Time Out, known for their Best Of City guides, has partnered with HelloFresh to bring a taste of Buenos Aires, Argentina straight to your kitchen. The team at Time Out selected this recipe to transport you there, and tells us that “Buenos Aires's oldest neighborhood, where the city's first Spanish settlement was established in 1536, San Telmo, is the version of the city that has outlasted every reinvention with colonial mansions now splattered with murals and cobblestones worn smooth by two centuries of foot traffic. Every Sunday, Calle Defensa transforms into the Feria de San Telmo, a street bazaar running since the early 1970s, complete with tango dancers, antique dealers, and food vendors.” At such vendors, the “choripán is never far away, and it origins date to the mid-19th century.” The sandwich combines the spicy Spanish sausage and the tangy Argentinian herb sauce, chimichurri, in one incredible sandwich that’s finished with plenty of melted mozzarella. On the side, crispy potato wedges, get a smoky chipotle mayo sauce that's perfect for dipping or adding to your sandwich.
1 teaspoon
Chipotle Powder
16 ounce
Potatoes
1 tablespoon
Savory Paprika Blend
18 ounce
Mexican Chorizo
4 tablespoon
Smoky Red Pepper Crema
(Contains: Milk)
½ cup
Mozzarella Cheese
(Contains: Milk)
4 tablespoon
Mayonnaise
(Contains: Eggs)
1 unit
Tomato
1 teaspoon
Garlic Powder
2 unit
Demi-Baguette
(Contains: Soy, Wheat)
¼ ounce
Cilantro
2 ounce
Chimichurri

Adjust racks to top and middle positions and preheat oven to 450 degrees. Wash and dry produce.
Cut potatoes into ½-inch-thick wedges. Finely dice tomato. Mince cilantro. Slice baguettes in half lengthwise; use a spoon to carefully hollow out baguettes. TIP: Save insides of baguettes for another use, like homemade breadcrumbs.
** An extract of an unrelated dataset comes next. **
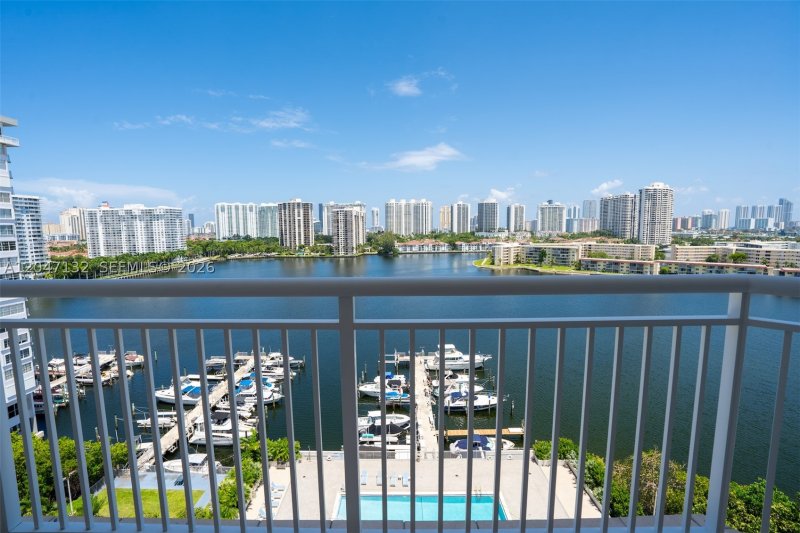 Condo for sale at Del Prado South Tower 1404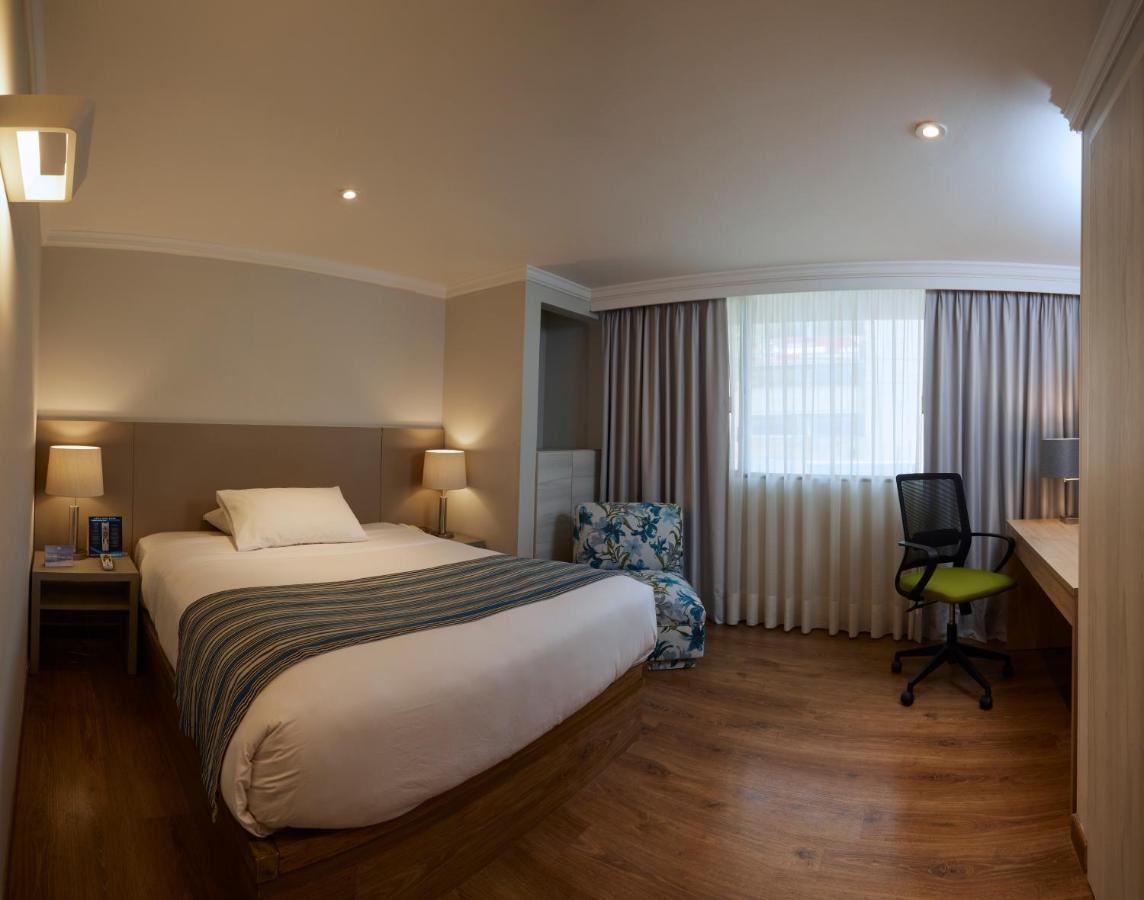 Hotel Saint Simon Μπογκοτά Εξωτερικό φωτογραφία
Toss potatoes on a baking sheet with a large drizzle of oil, garlic powder, salt, and pepper. Roast on top rack until browned and tender, 20-25 minutes.

In a small bowl, combine smoky red pepper crema, mayonnaise, and chipotle powder to taste; season with salt and pepper.
In a separate small bowl, combine chimichurri, cilantro, and tomato. Set aside until Step 6.

Heat a drizzle of oil in a large pan over medium-high heat. Add chorizo*, Savory Paprika Blend, salt, and pepper. Cook, breaking up meat into pieces, until browned and cooked through, 4-6 minutes.

While chorizo cooks, add baguettes to a second baking sheet. Fill top halves with mozzarella. Switch potatoes to middle rack and bake bread on top rack until bottom halves are golden and cheese is melted, 3-5 minutes.

Fill bottom halves of baguettes with as much chorizo as you like. Top with as much tomato-cilantro chimichurri as you like and close with top halves of baguettes. Halve crosswise.
Divide potato wedges between plates. Top with remaining chorizo and as much chipotle mayo and chimichurri as you like. Divide sandwiches between plates and serve with any remaining chipotle mayo on the side. TIP: Add remaining chipotle mayo directly to sandwich if you want an extra-saucy sandwich!